Суд был сплошной трагикомедией, издевательством первостатейным: ни один свидетель обвинения никогда не видел Бродского, все они основывались на материале той же статьи да еще на материале почему-то им показанного дневника Иосифа, который он вел в 56-м году (т.е. в шестнадцать лет), который был когда-то отобран при обыске и лежал в КГБ. Не помогли ни почтенные свидетели защиты, доказывавшие, что труд поэта и переводчика — это тоже труд (да если учесть исключительно работоспособность Иосифа, который ни в малой степени не представитель «богемы»), ни телеграммы Маршака, Чуковского, Шостаковича. Иосифу дали пять лет поселения «с обязательным привлечением к труду» — высшая мера по указу о тунеядцах. Сейчас он в Архангельской области. Различные люди бьются за пересмотр этого дела, но пока никаких реальных результатов.
Вот — увы! — я не думала писать об этом так много, но захотела, чтоб вы представили себе реально, что здесь творится.
Вот еще картинка из ленинградской жизни. В Эрмитаже, приуроченная к его 200-летию, открылась маленькая внутренняя выставочка творчества «работников хоз. части», т.е. грузчиков, рабочих и т.д. Властям она показалась слишком «левой» (хотя ничего более левого, чем женщина голубоватого оттенка, там не было), выставку на второй день прикрыли и — сняли директора Эрмитажа Артамонова и зам. директора по научной части Левинсона-Лессинга. Власти разговаривали с ними изумительно, в обкоме на них кричали, называли на «ты», а когда Левинсон-Лессинг заявил, что, если таково обращение, он уйдет от своей работы, ему закричали: «Да ты уйдешь? Да мы тебя сами уволим!». А еще более выдающийся разговор был в райкоме комсомола (всё тот же гнуснопрославленный Дзержинский район).

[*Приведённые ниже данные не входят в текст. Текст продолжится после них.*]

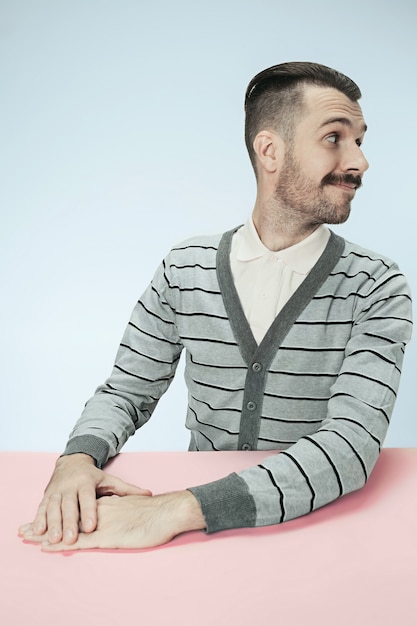 El hombre de negocios feliz y sonriente sentado a la mesa sobre fondo azul de estudio. El retrato en estilo minimalista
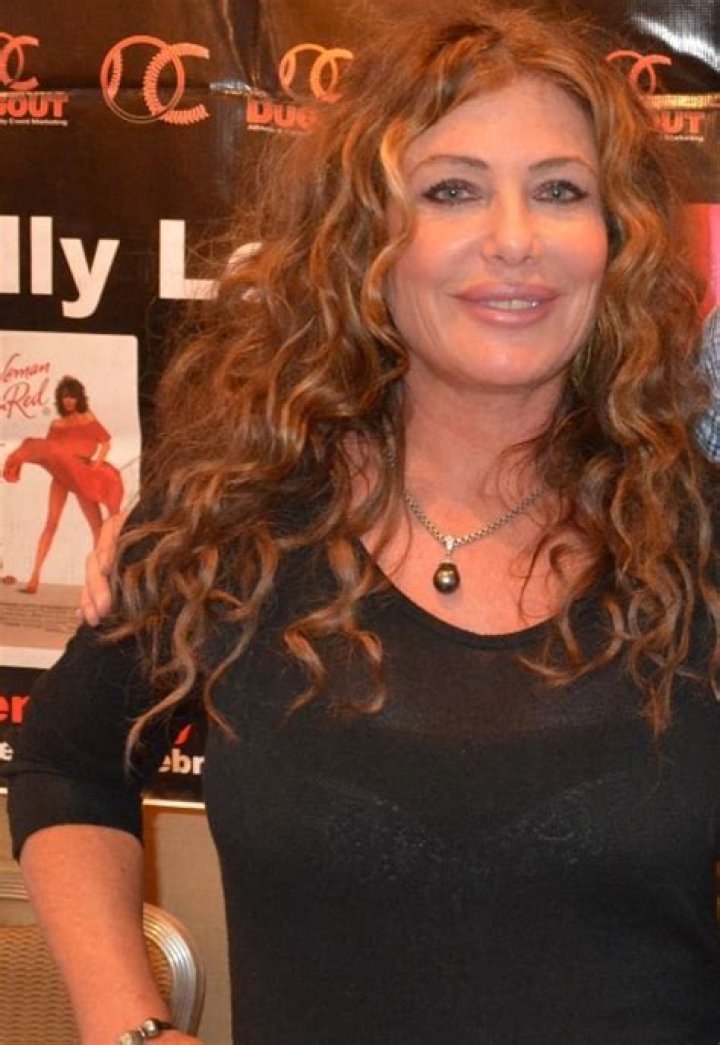 Kelly LeBrock as seen while smiling for a picture at the Chiller Theatre Expo at the Sheraton Parsippany Hotel in Parsippany, New Jersey in October 2014
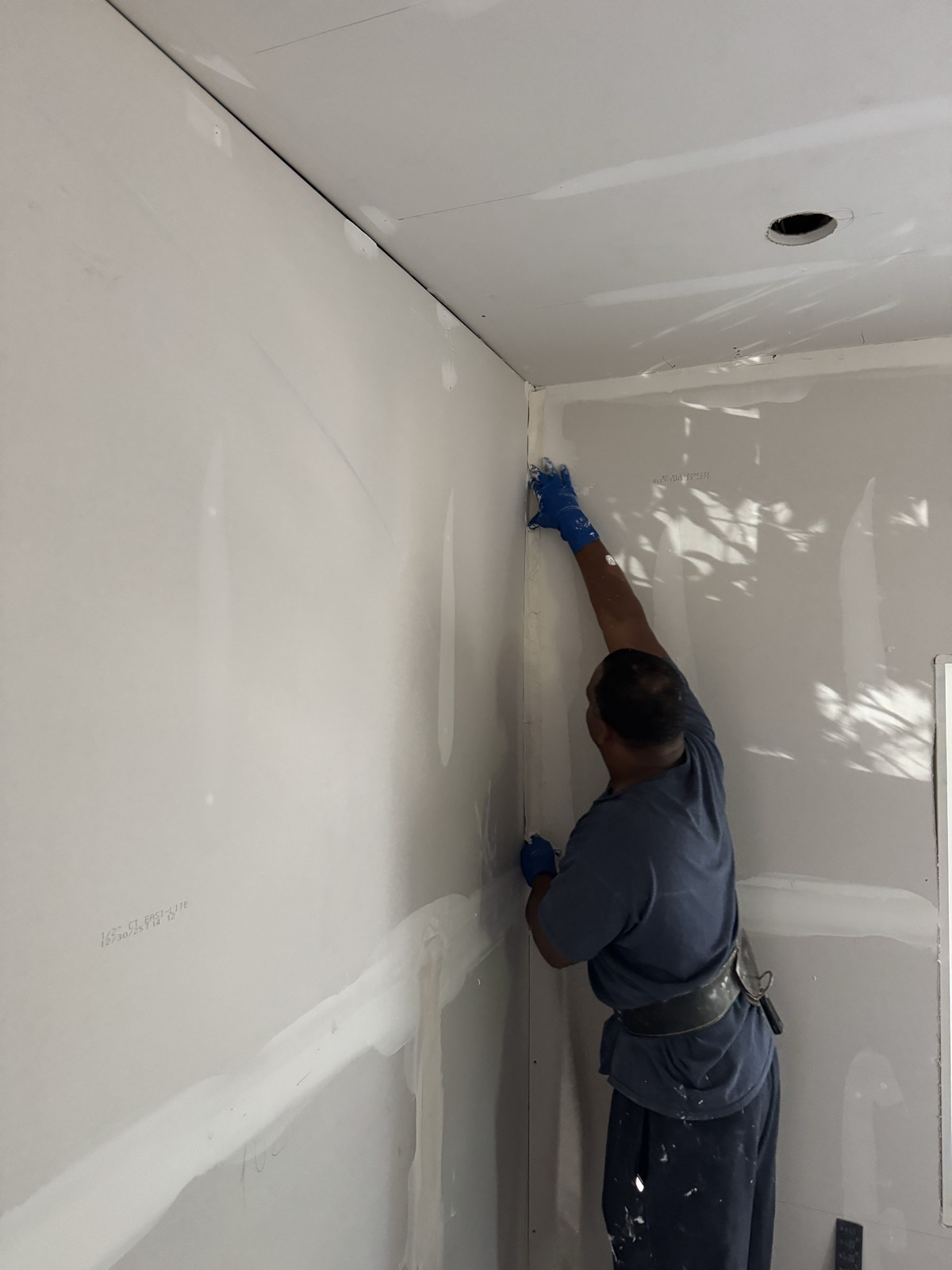 Gary taping an inside corner where the wall meets the ceiling
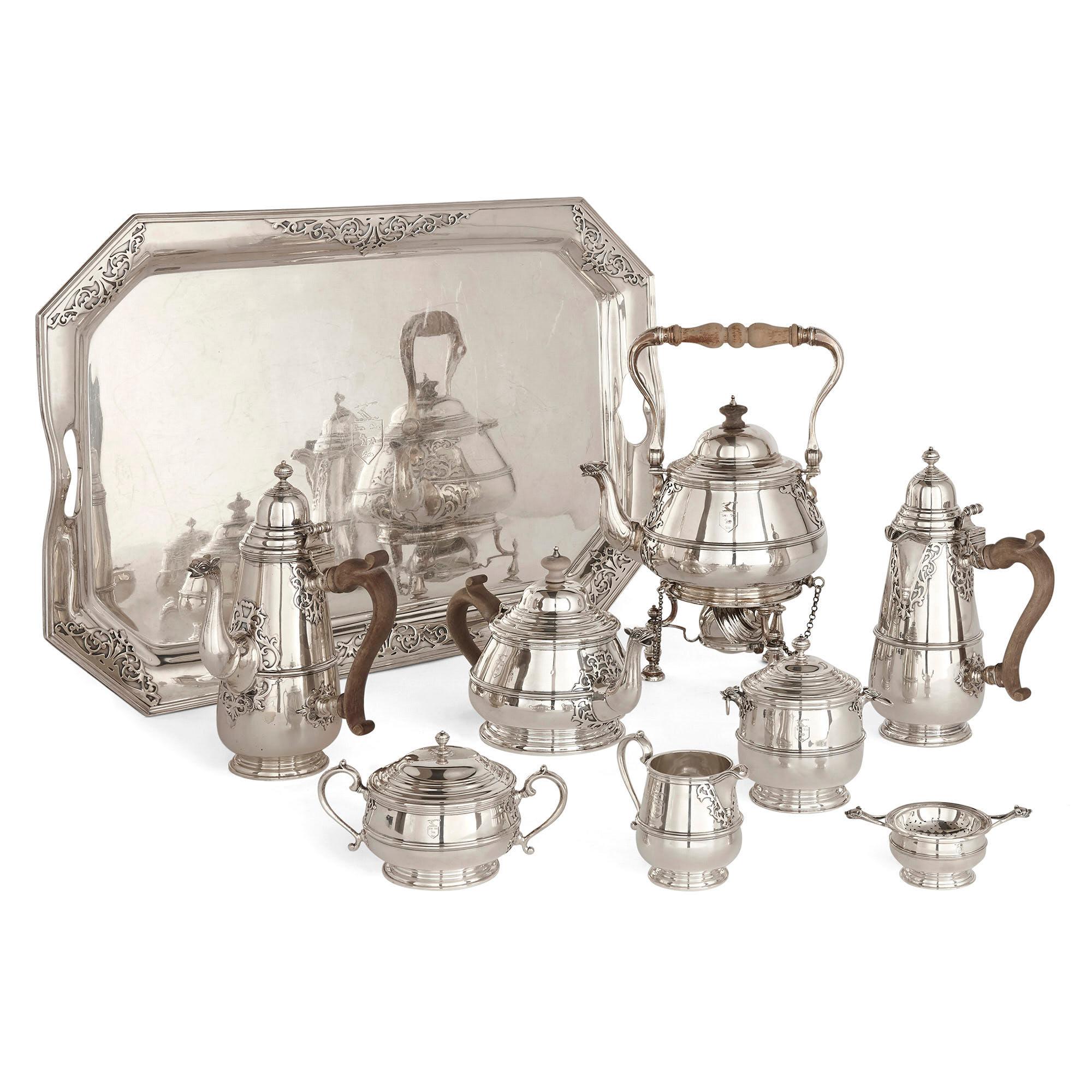 Silver tea and coffee set with matching tray
English, 1920-1921
Kettle on lampstand: Height 33cm, width 23cm, depth 16cm
Tray: Height 3cm, width 64cm, depth 44cm

This large silver set is comprised of a coffee pot, a tea pot, a kettle, a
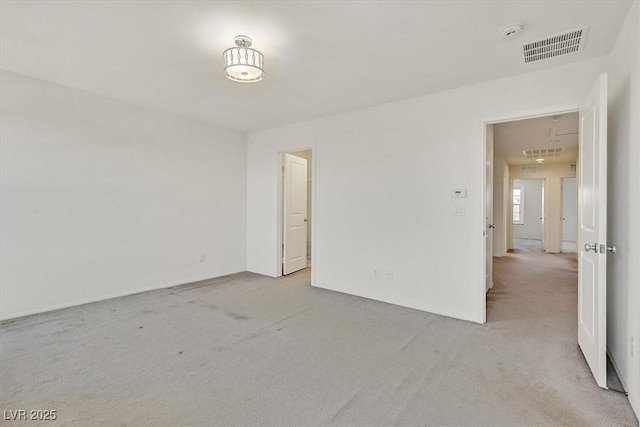 8755 Spanish Ridge Ave, Las Vegas, NV 89148 - carpeted empty room with a smoke detector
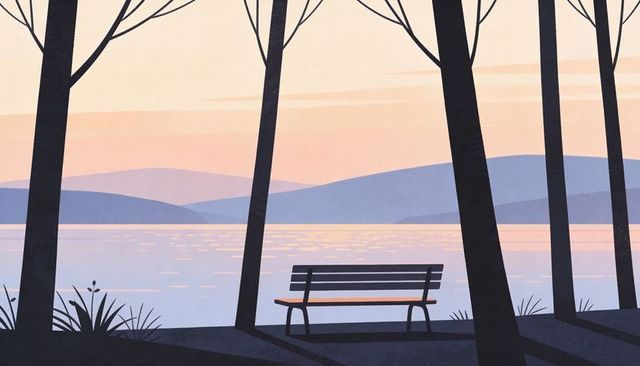 Solitary bench facing pastel lake at sunrise among bare trees casting long shadows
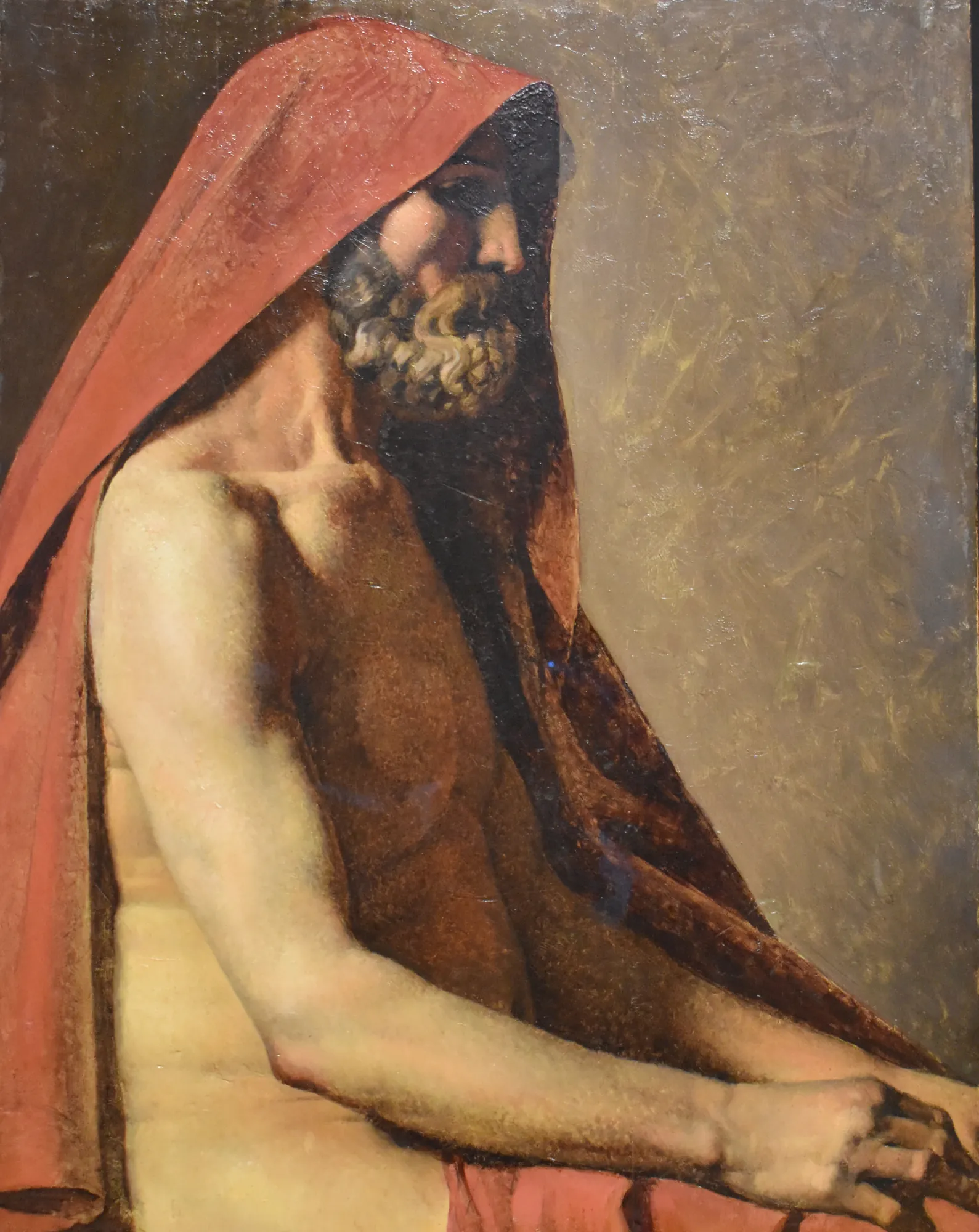 Study of a Seated Man in Profile Study of a Seated Man in Profile by Jean-Auguste-Dominique Ingres. An oil painting of a bearded man in profile, wearing a striking red hood draped over his head and shoulder.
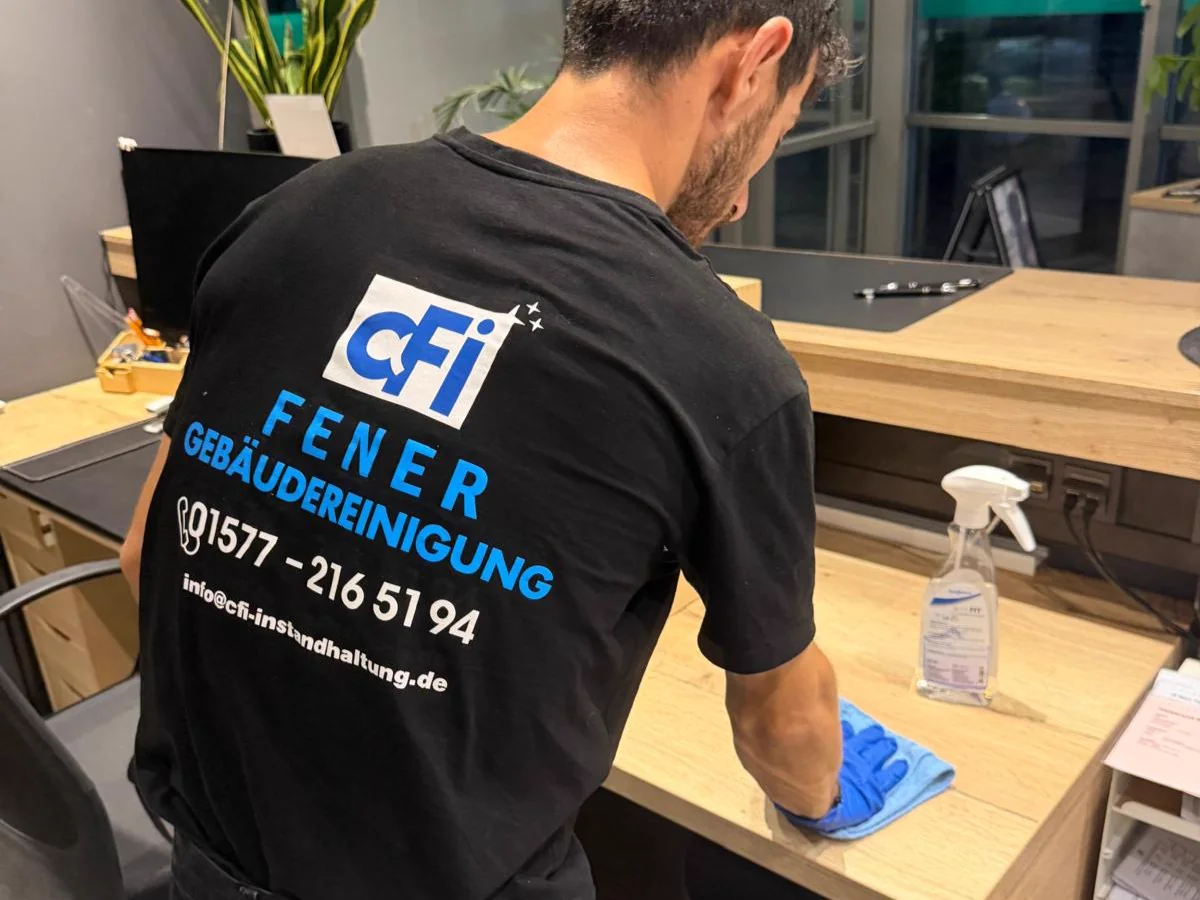 CFI-Mitarbeiter bei der Unterhaltsreinigung eines Arbeitsplatzes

— Пора кончать с этими тунеядцами!
— Но какие же они тунеядцы? Это же наши грузчики.
— Они работают, чтоб скрыть свое тунеядство.
Вот логика.
Да, я вам изъяснила ход дела Бродского, но вам ведь осталось непонятным, кому оно было нужно. Выполнено оно при помощи «народной дружины», КГБ и прочих веселых организаций, но вдохновители его — верхушка Ленинградского союза писателей и лично Прокофьев (председатель ленингр. правления союза, лауреат Ленинской премии — как, кстати, и все три заступника Иосифа, — поэт, стихов которого, смею надеяться, вы не знаете, потому что они того не стоят). Иосиф ненавистен им вдвойне — как любимый ученик Ахматовой, которую они травили, травили, да так и не смогли затравить, — главное — как поэт невероятной популярности общеленинградского масштаба (сейчас, кстати, она вырастает до пределов страны, если не более), рядом с которым еще виднее все их пигмейство. Что это не домыслы, подтверждает, например, такой факт. Чуковский до суда ходил в ЦК, там ему сказали: — Да вы знаете, за кого вы хлопочете? Это же второй Ионесян. — И на его удивление добавили: — Да, да, спросите вашего товарища по перу Прокофьева.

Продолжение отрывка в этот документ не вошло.